* What to do
Reprint the listing. Every line must match the original exactly.

* Data excerpt
● ● ● ● ●
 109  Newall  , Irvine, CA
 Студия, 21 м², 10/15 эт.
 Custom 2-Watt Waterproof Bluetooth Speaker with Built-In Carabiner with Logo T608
● ● ● ● ●
* Response to this exercise
 109  Newall  , Irvine, CA
 Студия, 21 м², 10/15 эт.
 Custom 2-Watt Waterproof Bluetooth Speaker with Built-In Carabiner with Logo T608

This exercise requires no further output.